Embodied Research Methods in Music and Sound: Sensing and Feeling
‘Feeling’ and ‘sensing’ in practice research can refer to a wide range of experiences, from the sensory and somatic through to the affective, apparently intuitive and instinctual feelings that guide the development of practice. While music psychology and the cognitive sciences offer approaches to studying these phenomena, their methods and the kinds of data generated do not always help us to better understand and account for the significance of felt experience in the complexities of musical performance and reception.

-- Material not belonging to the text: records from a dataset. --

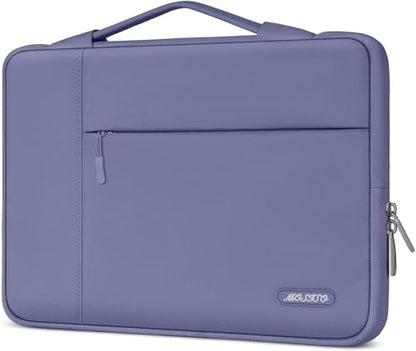 MOSISO Laptop Case 13.3 inch, 13-13.3 inch Laptop Sleeve with Handle Compatible with MacBook Air/Pro 13/Pro 14 M5 M4 M3 M2 M1,HP Dell ASUS Lenovo, Polyester Multifunctional Computer Bag, Lavender Gray - color: Lavender Gray, size: 13.3 inch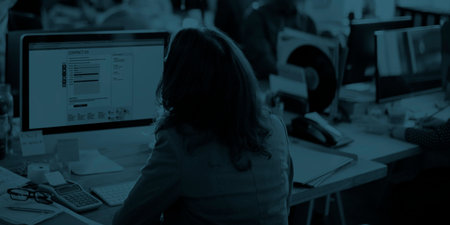 Businesswoman Digital Device Computer Monitor Concept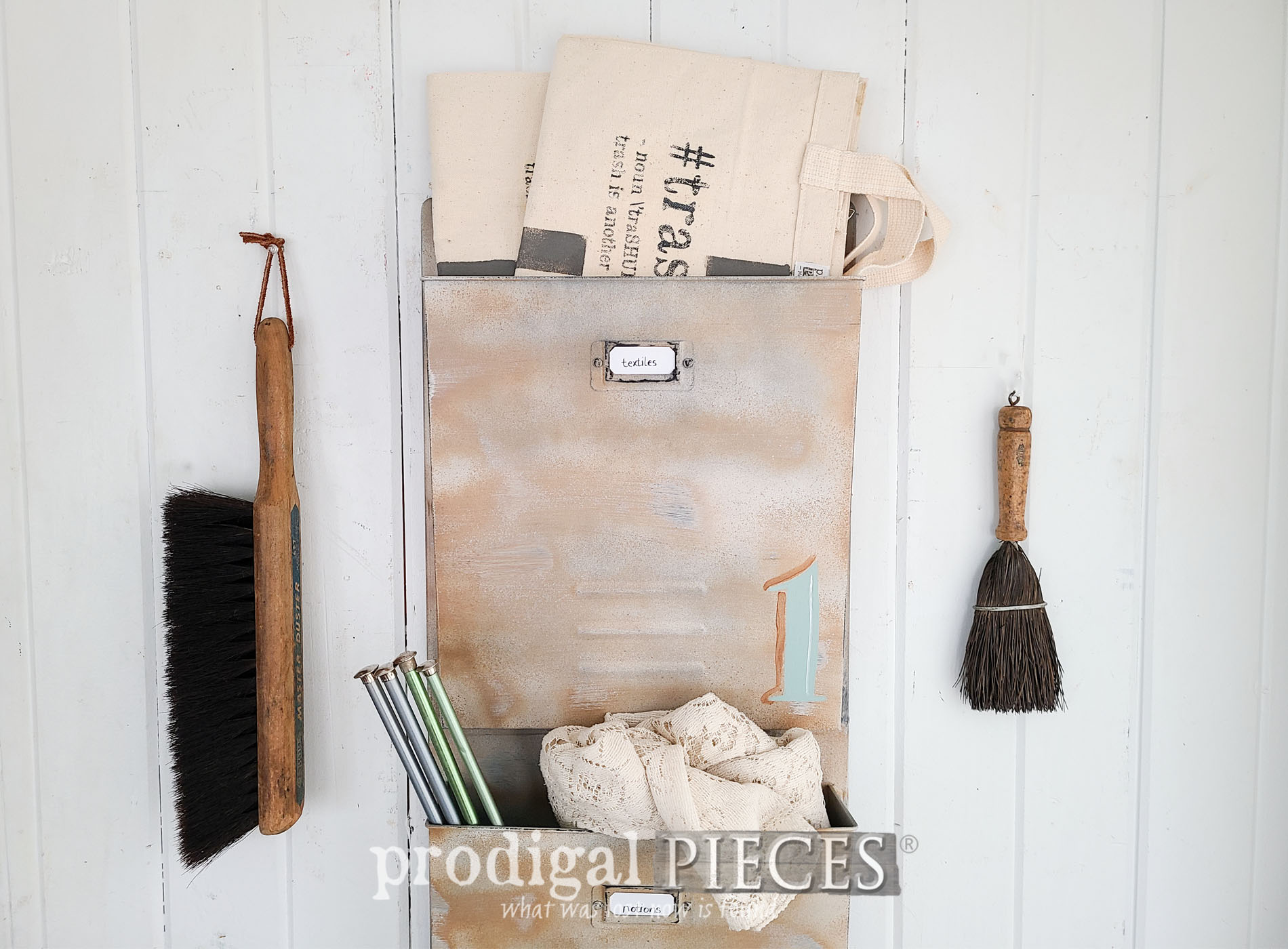 Vertical Wall File Organizer Makeover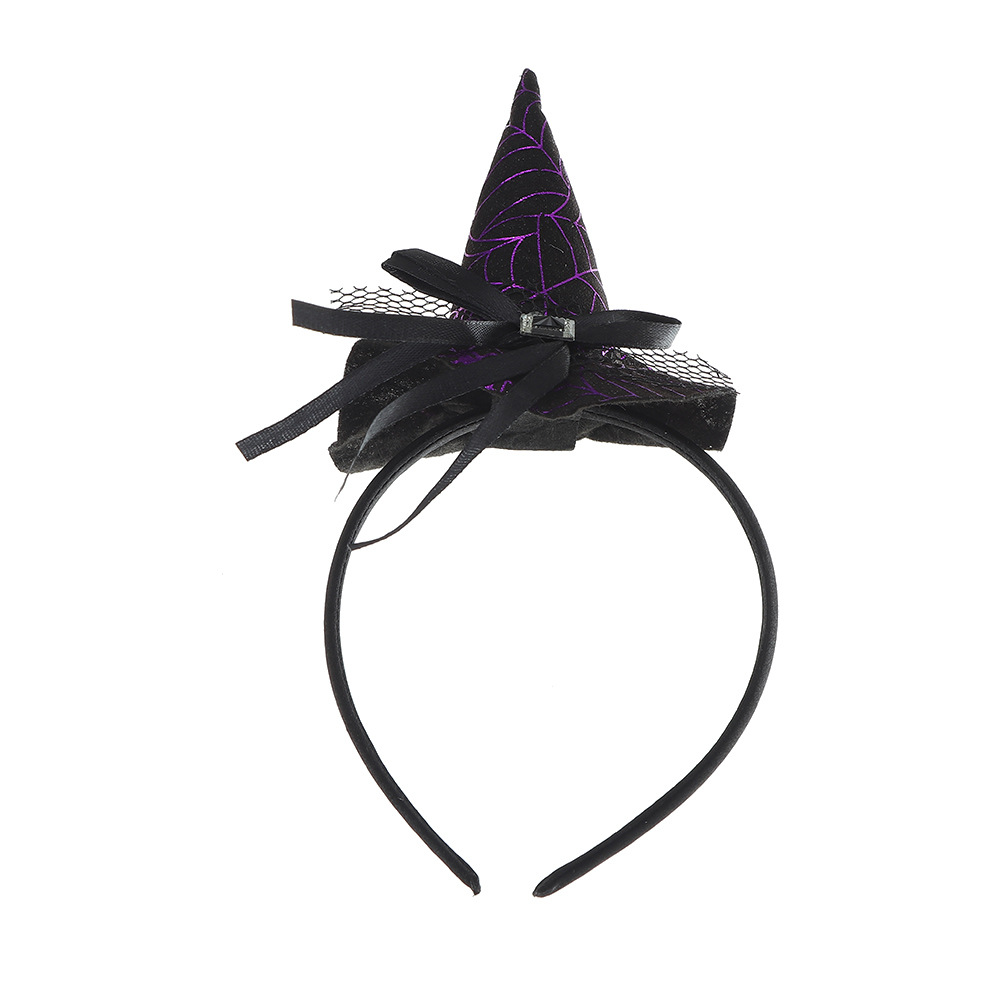 Diadema De Sombrero De Bruja Para Niños Adultos De Halloween Al Por Mayor Nihaojewelry display picture 7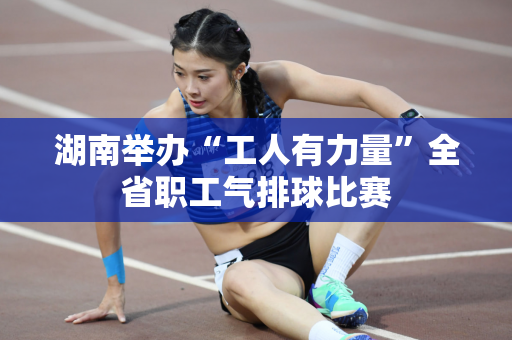 湖南举办“工人有力量”全省职工气排球比赛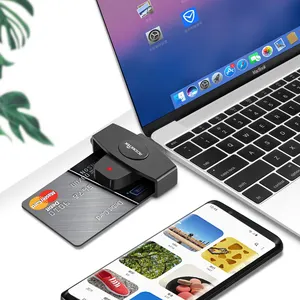 뜨거운 판매 USB C 딥 지불 리더 모바일 신용 ATM 카드 리더 지원 스마트 폰 및 태블릿 용 CAC ID IC 카드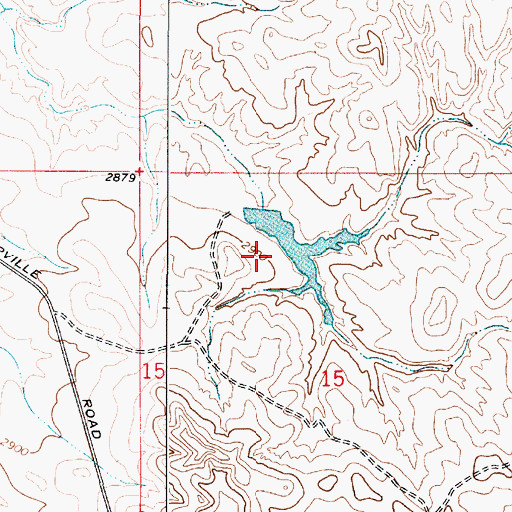 Topographic Map of Fox Number 3 Dam, MT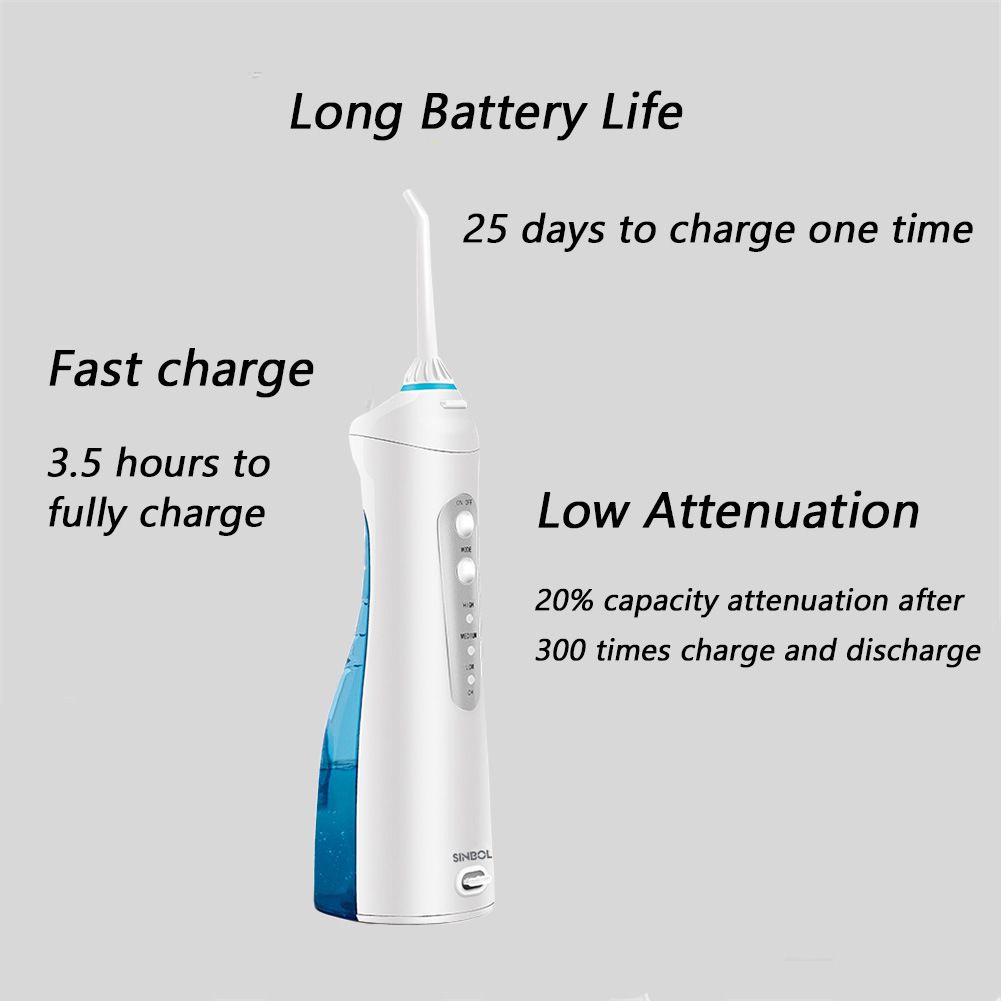 Elektrikli Oral Irrigatör, Yüksek Basınç, Taşınabilı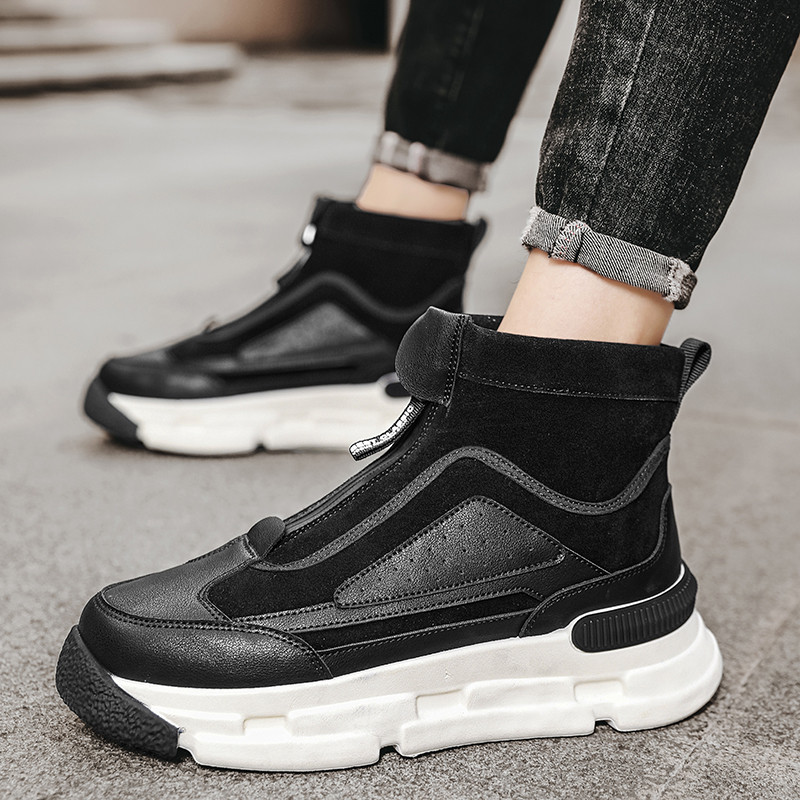 Rudenį ir žiemą patogūs aukšti vyriški laisvalaikio sportiniai batai 2023 m. Nauji madingi, universalūs vyriški batai, gražūs storapadžiai batai
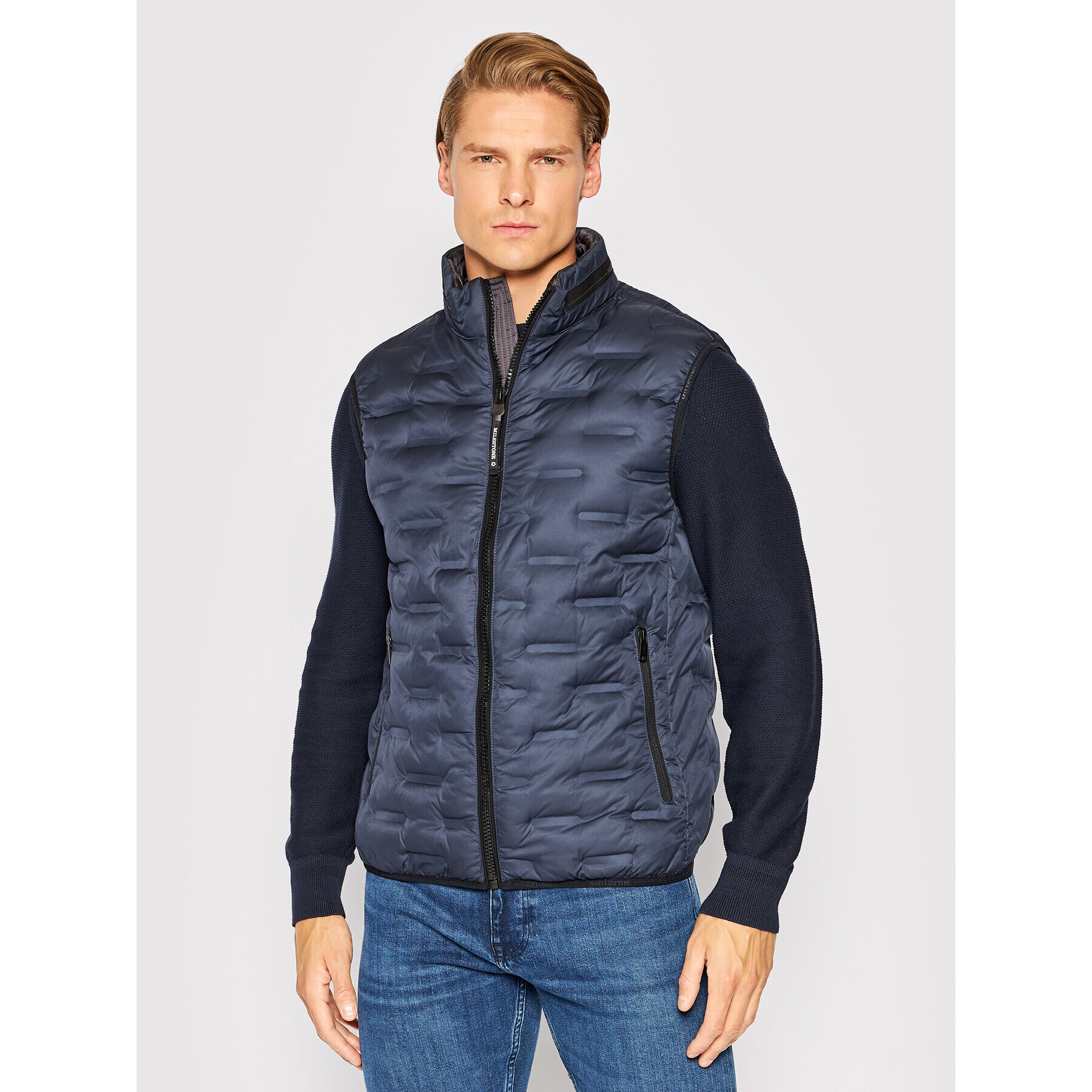 Milestone Vestă Malcom 230341 60160 Bleumarin Regular Fit - Pled.ro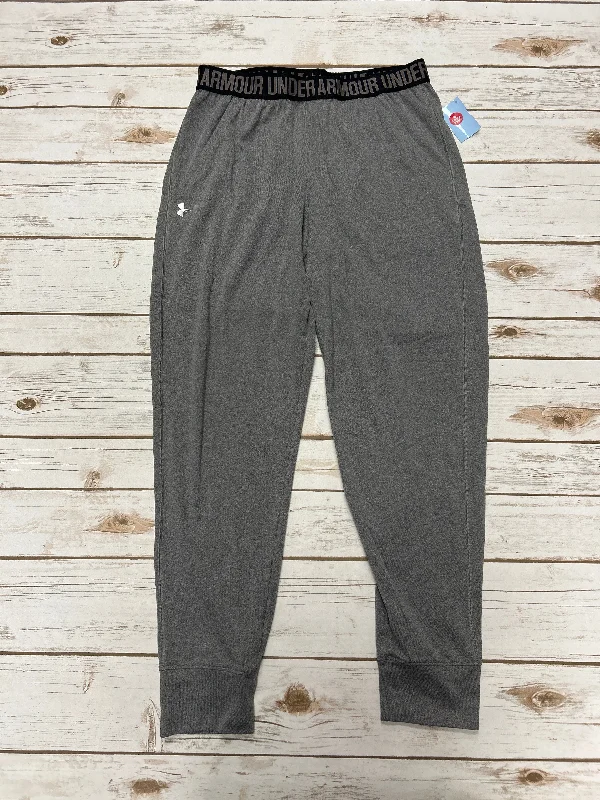 Athletic Pants By Under Armour In Grey, Size: S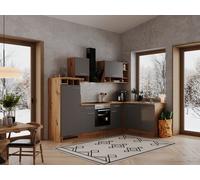 Cuisine Cuisine En L Forme Vide Chêne Gris Hilde 280x172 CM Respekta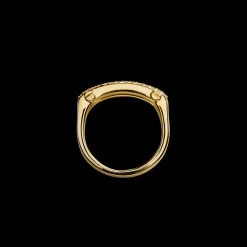 Diamond Pave Rivet Double Row Ring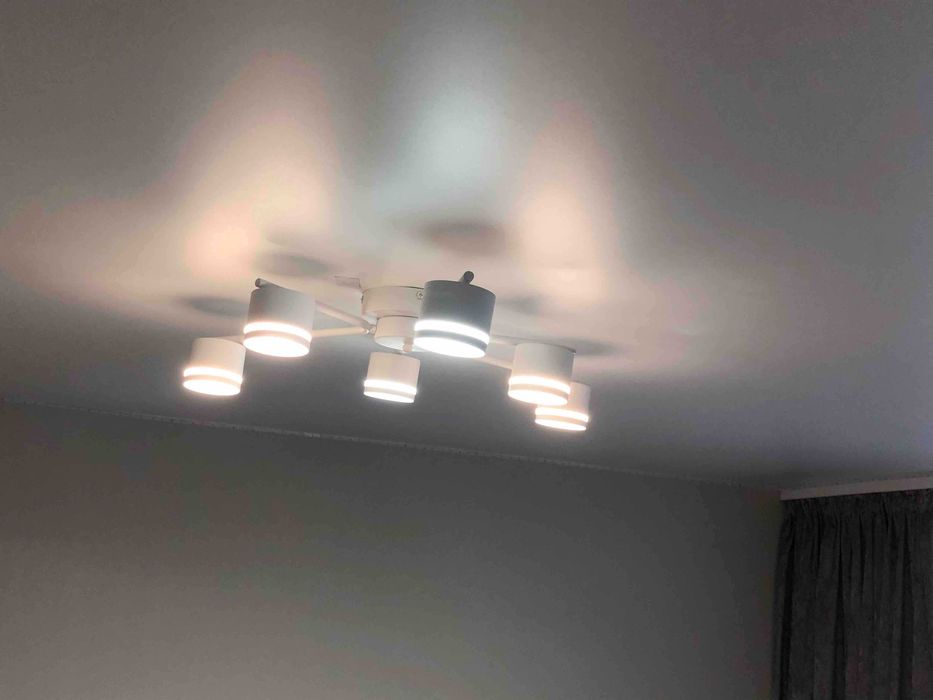 Люстра ELA 6R  Черная на 6 ламп GX53 (БЕСПЛАТНАЯ Доставка)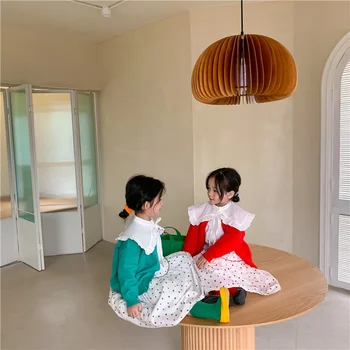 Fete drăguț dragoste de imprimare fuste 2021 primăvară stil coreean grupa de copii casual all-meci zburli fusta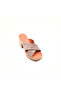 Mink Suede Women's Cross-Strapped Platform Heeled Slippers – Genuine Leather Lined Thick Heel Summer Slippers - 4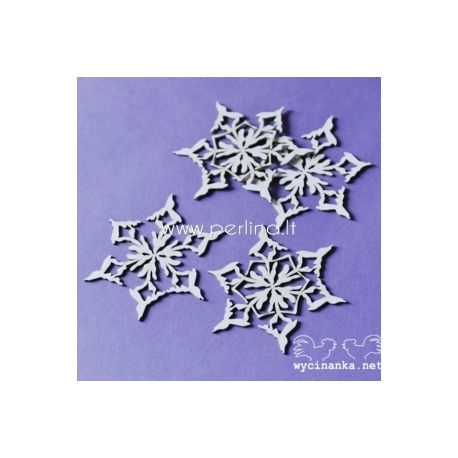 Chipboard "Winter is Coming - Snowflakes", 4 pcs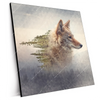 Xxl Wandbild Fuchs Wald Quadrat Produktvorschau Seitlich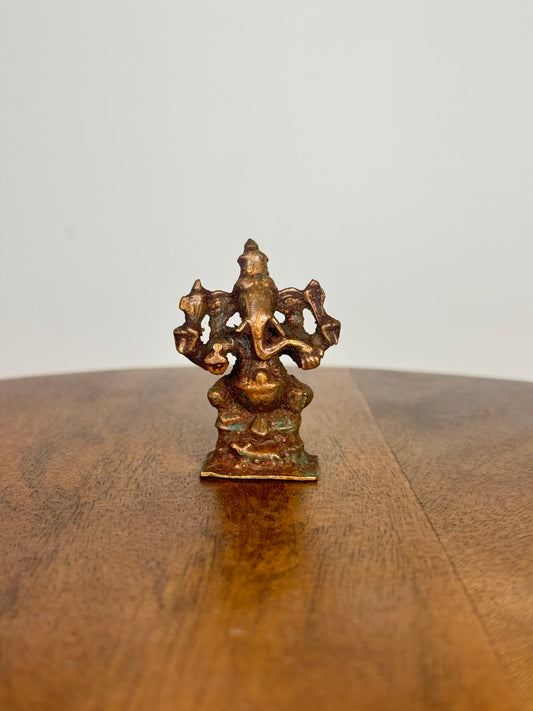 chola style Ganesha idol - Museum replicated copper idol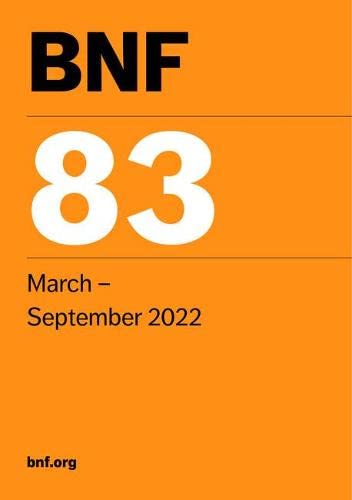 BNF 83 (فرمول ملی انگلیس) مارس 2022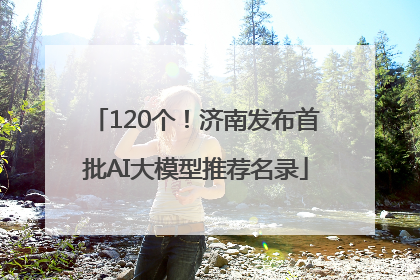 120个！济南发布首批AI大模型推荐名录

On the other hand, researchers citing sensed and felt experience as part of their research narrative may fear criticism of being overly subjective or lacking rigour.
The aim of this day is to explore how practice researchers in music can account for the role of sensing and feeling in their embodied practice. What are the challenges of incorporating, interrogating or accounting for feeling and sensing into embodied research? What role can sensory engagement with instruments, objects and practices play in the research process? When is ‘intuition’ a form of embodied knowledge, and when does ‘just a feeling’ signal expert insight? How can we discuss and document these crucial aspects of practice research in a way that is academically meaningful, and yet acknowledges their essentially subjective and non-linguistic nature?
Embodied practice and embodied research have become thematic hotspots in recent musical discourse, affording researchers the means to recognise and articulate technical, sensory, affective, perceptual and tacit knowledge forms as investigative territories. We recognise embodied research as a relatively new methodology within the academic discipline of music, and note that musicians still often articulate their insights by drawing substantially on conceptual frameworks external to music—e.g. from theatre, dance and physical performance, social epistemology, and philosophy of science. We hope this event will clarify and highlight some of the novel embodied methods at work in musical practices, and begin to establish the keystones that are distinct to embodied research in music.